- **Aim of the task**: Everything in the data gets repeated exactly, except for the pictures.

___ Information shown

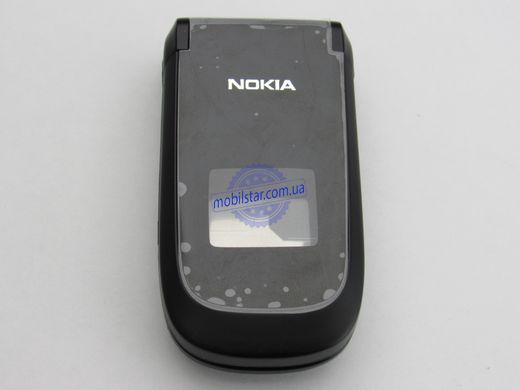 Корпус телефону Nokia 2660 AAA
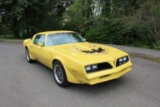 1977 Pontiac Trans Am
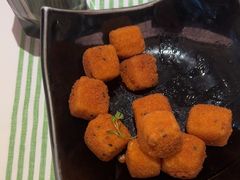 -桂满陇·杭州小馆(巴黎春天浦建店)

______

- **Solution to this problem**:
 Корпус телефону Nokia 2660 AAA
 1977 Pontiac Trans Am
 -桂满陇·杭州小馆(巴黎春天浦建店)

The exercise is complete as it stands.